WHAT IS REQUIRED
Reprint all of the data below exactly as shown and skip every image.

+++ SUPPLIED ENTRIES

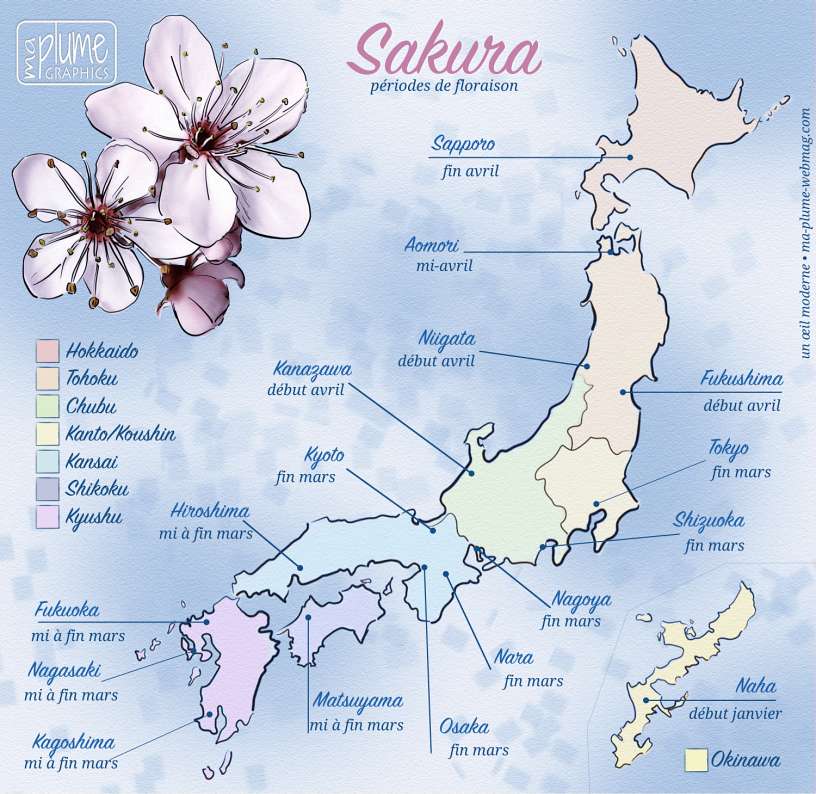 Sakura. Périodes de floraison. Calendrier estimatif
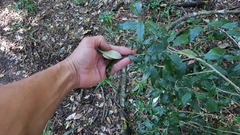 Trichocladus ellipticus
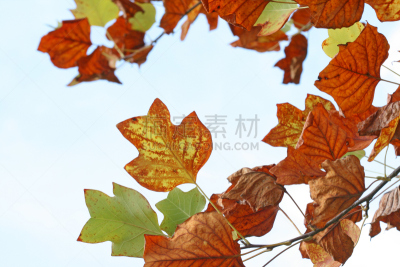 叶子,早餐,闪亮的,自然,叶绿素,水平画幅,仿旧磨损的效果,绿色,秋天,淡出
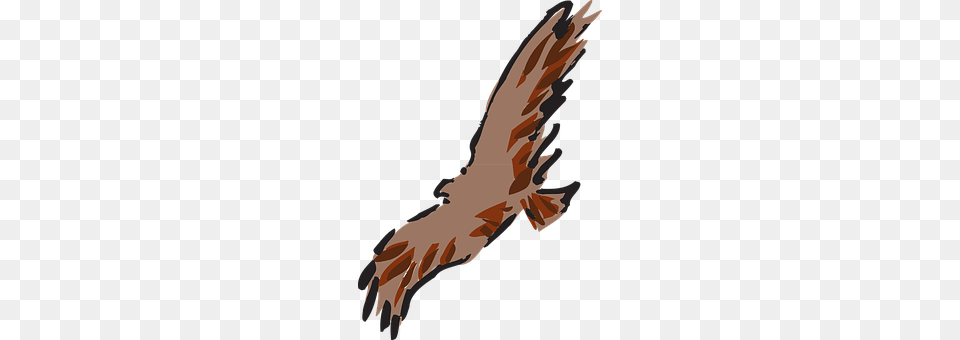 Brown Animal, Bird, Flying, Vulture Png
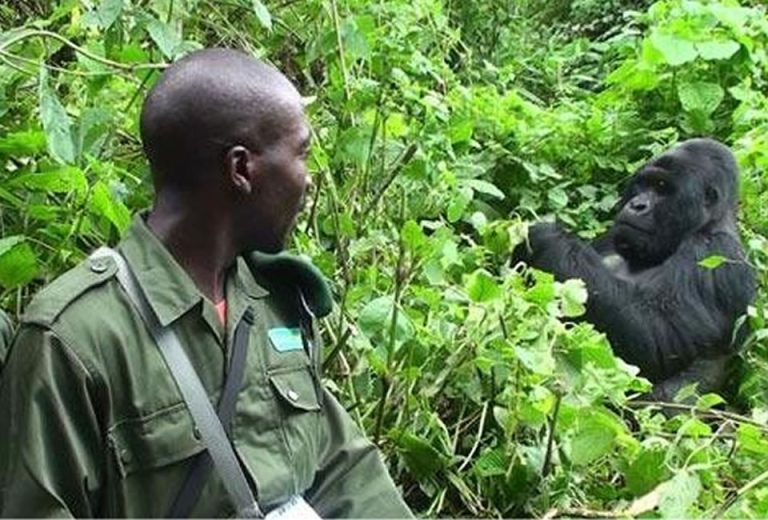 Tipping on Gorilla Safari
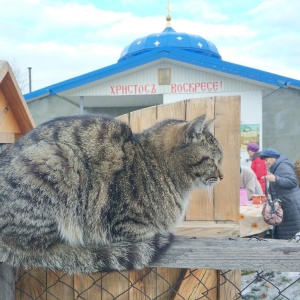 Фото от владельца Православный приход в честь Благовещения Пресвятой Богородицы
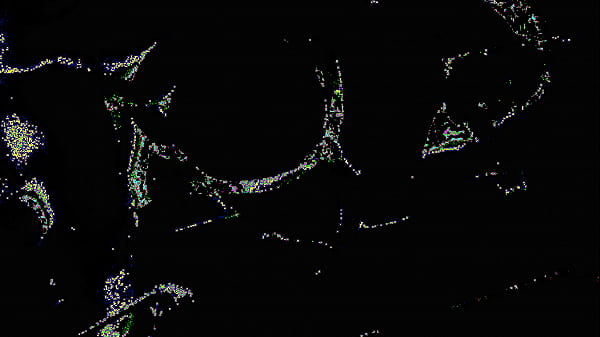 Tattooed Whore Alexxa Vice Gets Used As A Human Toilet While Taking Rough DP Slamming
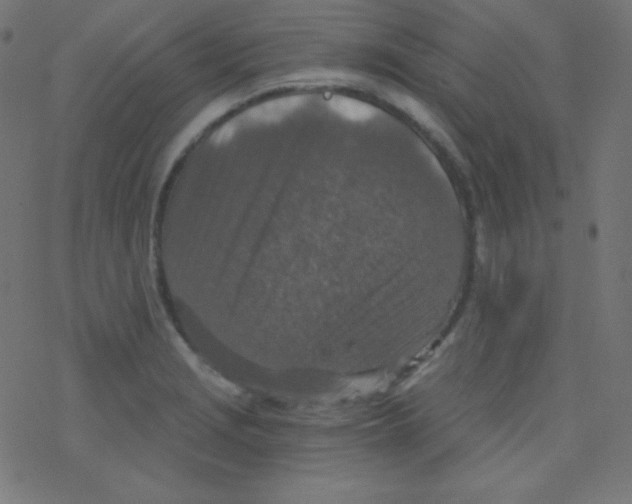 X0000078301229200612011826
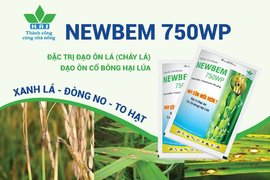 CHỦ ĐỘNG PHÒNG NGỪA BỆNH ĐẠO ÔN HẠI LÚA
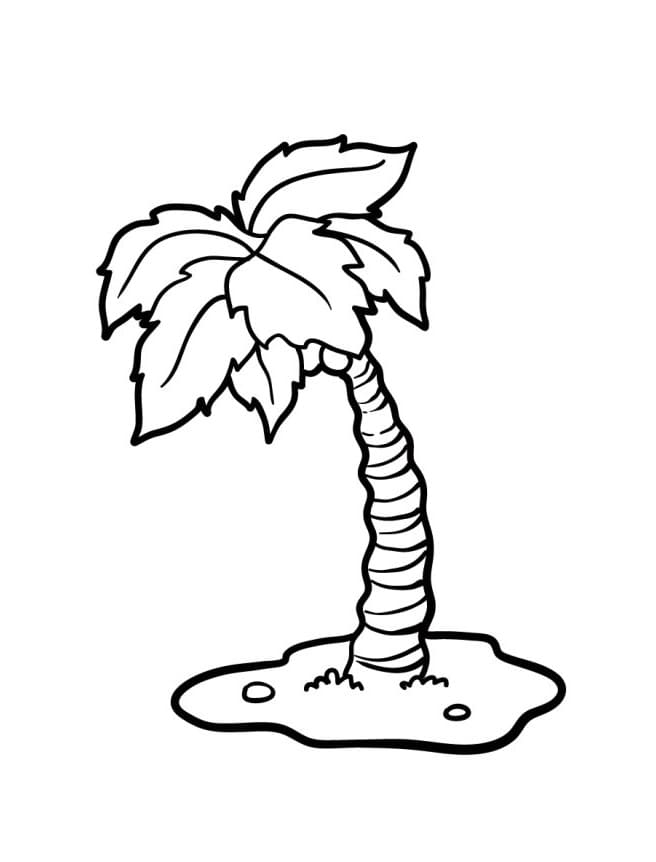 Kostenlos druckbare Palme ausmalbilder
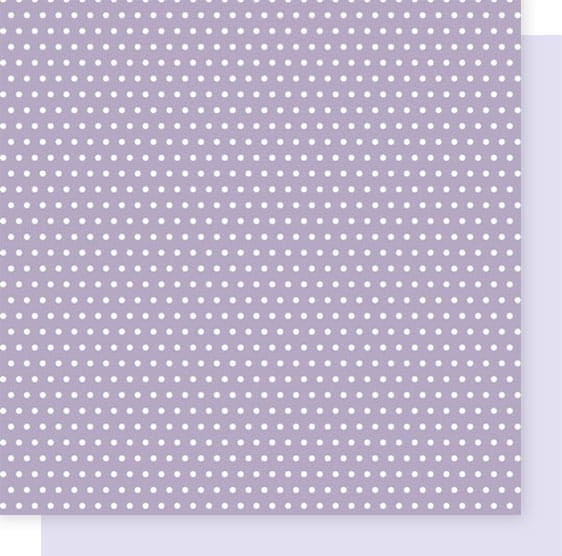 FDSP-04011_11.jpg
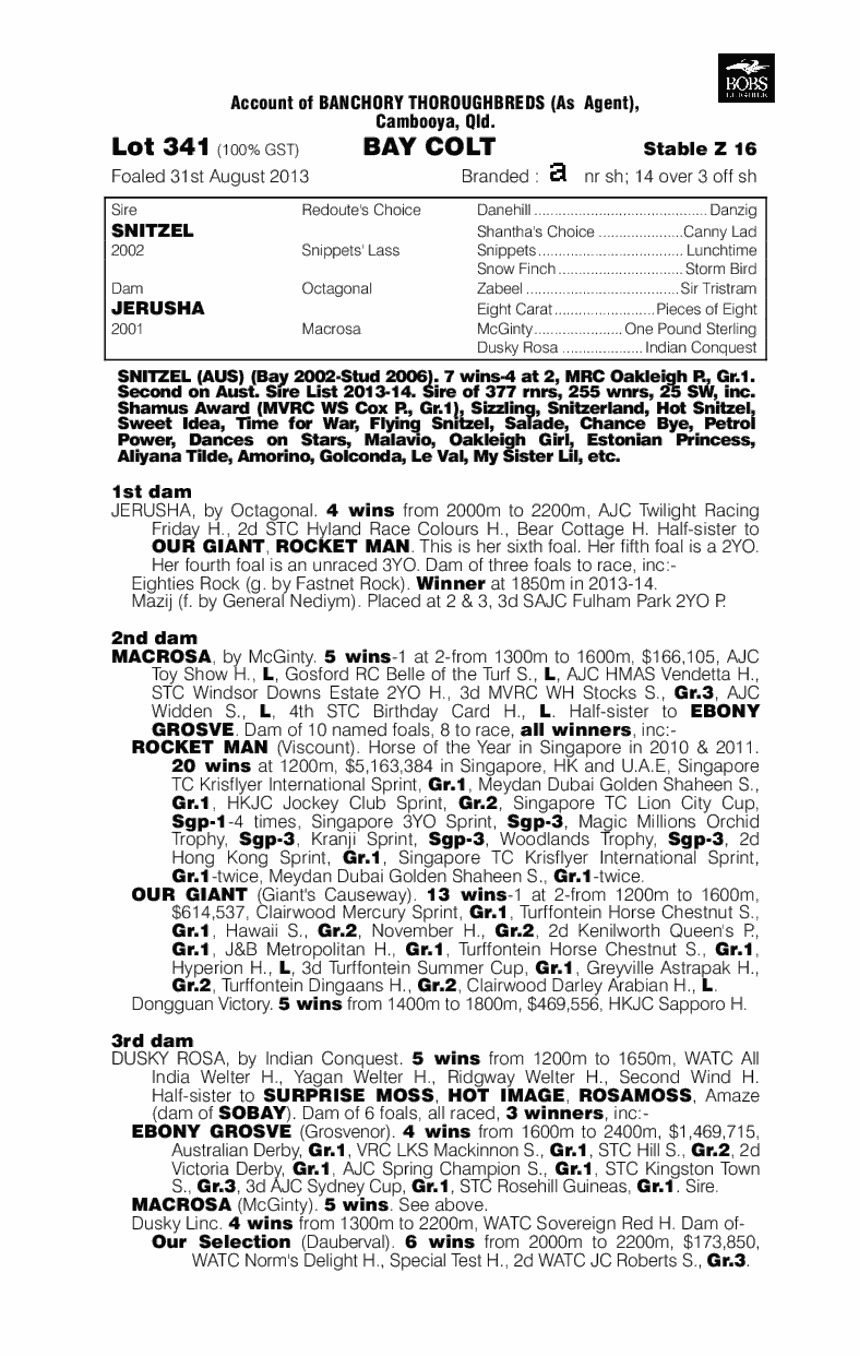 Snitzel (AUS) / Jerusha (AUS) - pedigree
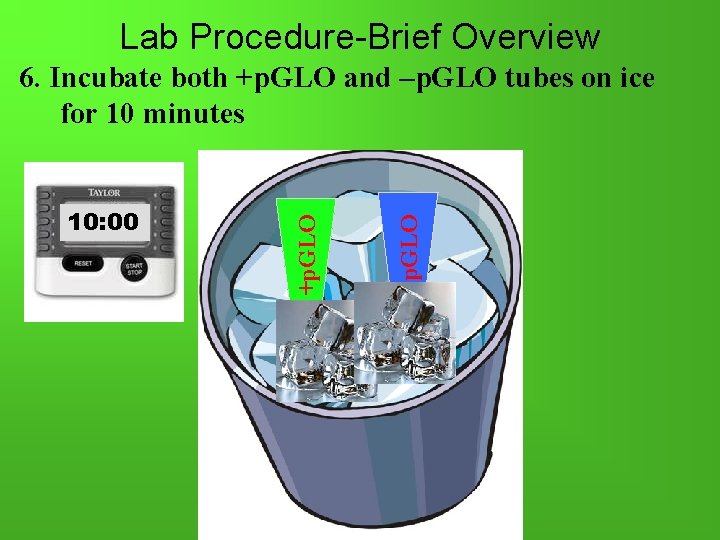 Lab Procedure-Brief Overview -p. GLO 10: 00 +p. GLO 6. Incubate both +p. GLO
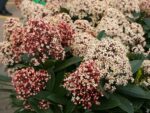 Skimmia japonica 'Rubella' - Image 4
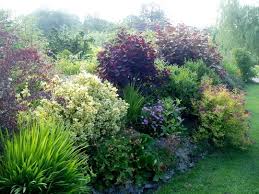 Border 3 Grows On You Beautiful Gardens Dream Garden Cottage Garden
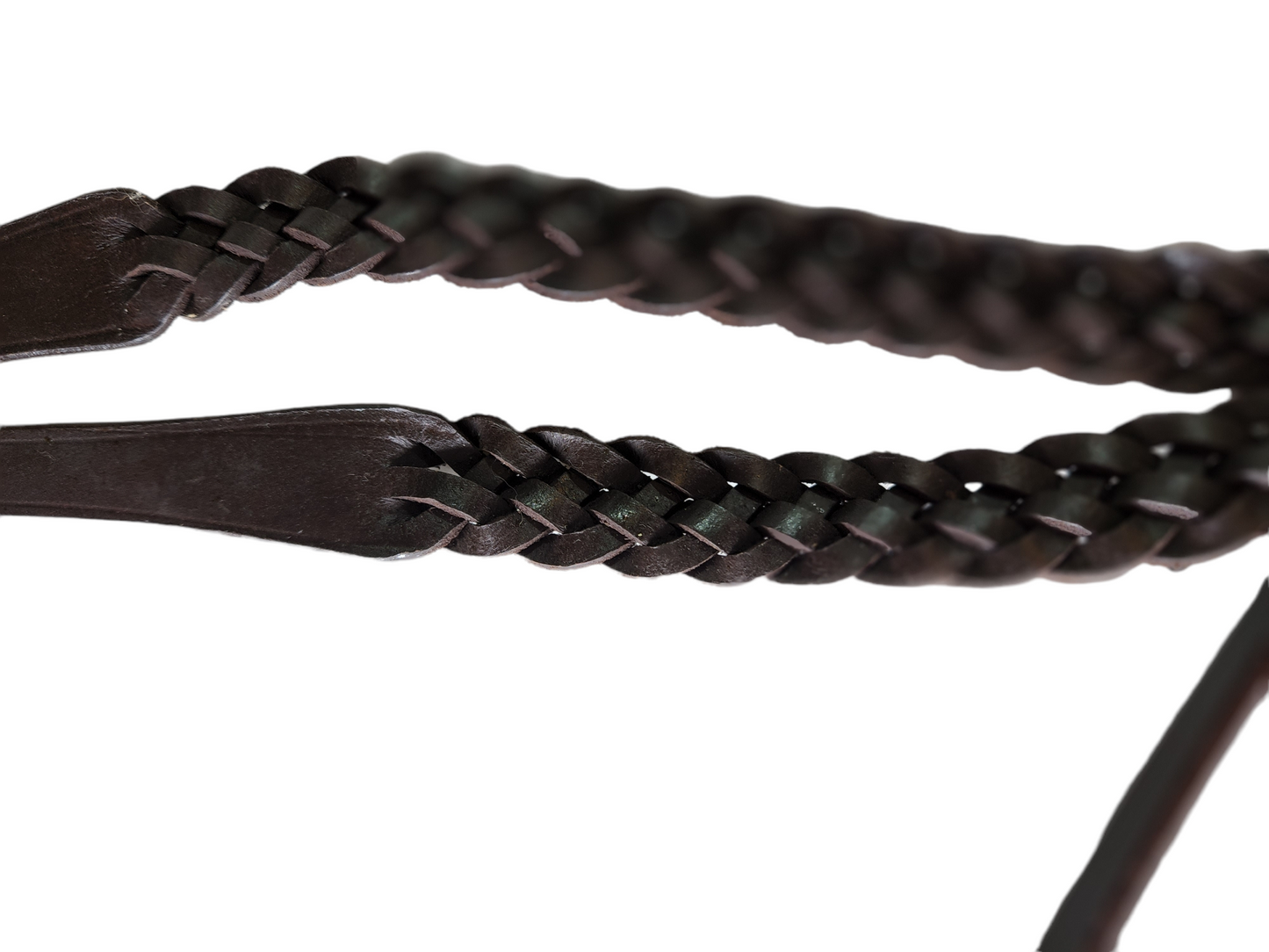 Silver Fox Leather Bridle with Braided Reins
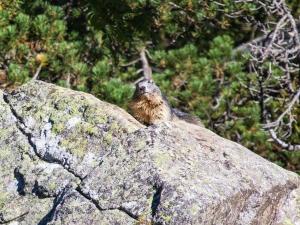 Studio cosy 4 pers. avec loggia, parking et équipement complet, à deux pas du centre de Cauterets - FR-1-401-78
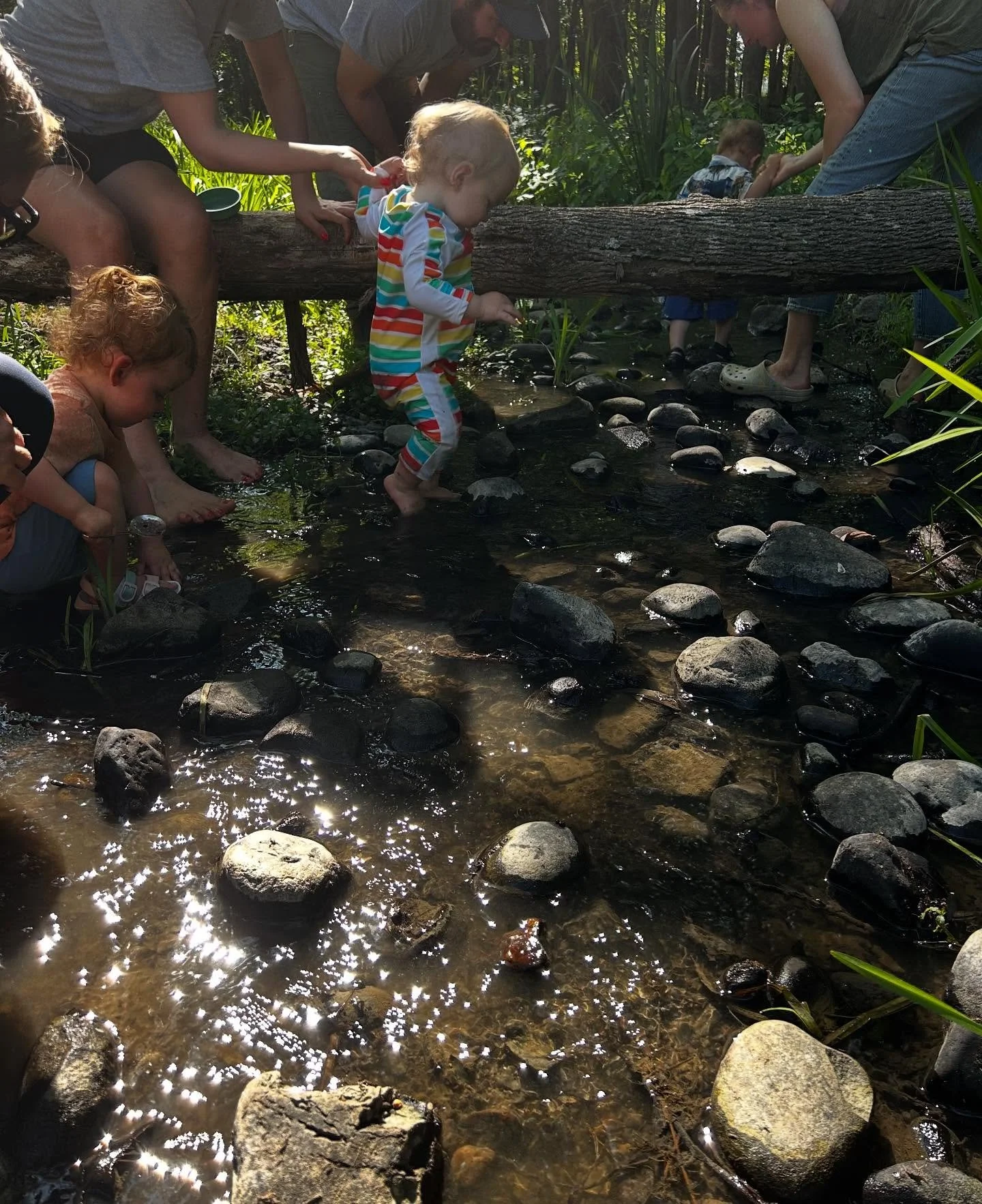 Come revel in the late Summer magic at Moonshadow Forest Farm! There are still spots left for both our Baby Nature Class and our Wednesday Wander session. ✨🌳🌸 Sign up at the link in bio!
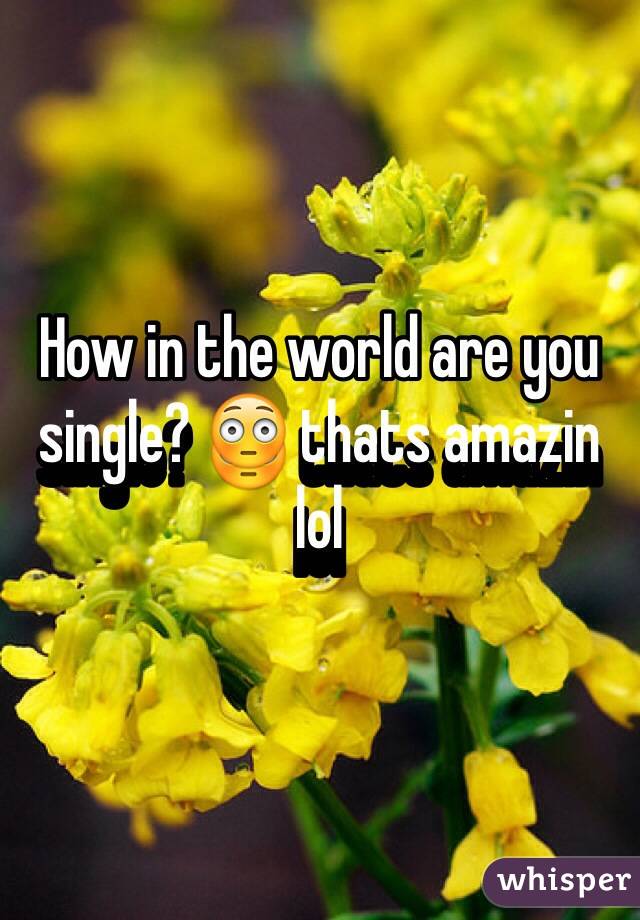 How in the world are you single? 😳 thats amazin lol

++++++

WORKED SOLUTION
 Sakura. Périodes de floraison. Calendrier estimatif
 Trichocladus ellipticus
 叶子,早餐,闪亮的,自然,叶绿素,水平画幅,仿旧磨损的效果,绿色,秋天,淡出
 Brown Animal, Bird, Flying, Vulture Png
 Tipping on Gorilla Safari
 Фото от владельца Православный приход в честь Благовещения Пресвятой Богородицы
 Tattooed Whore Alexxa Vice Gets Used As A Human Toilet While Taking Rough DP Slamming
 X0000078301229200612011826
 CHỦ ĐỘNG PHÒNG NGỪA BỆNH ĐẠO ÔN HẠI LÚA
 Kostenlos druckbare Palme ausmalbilder
 FDSP-04011_11.jpg
 Snitzel (AUS) / Jerusha (AUS) - pedigree
 Lab Procedure-Brief Overview -p. GLO 10: 00 +p. GLO 6. Incubate both +p. GLO
 Skimmia japonica 'Rubella' - Image 4
 Border 3 Grows On You Beautiful Gardens Dream Garden Cottage Garden
 Silver Fox Leather Bridle with Braided Reins
 Studio cosy 4 pers. avec loggia, parking et équipement complet, à deux pas du centre de Cauterets - FR-1-401-78
 Come revel in the late Summer magic at Moonshadow Forest Farm! There are still spots left for both our Baby Nature Class and our Wednesday Wander session. ✨🌳🌸 Sign up at the link in bio!
 How in the world are you single? 😳 thats amazin lol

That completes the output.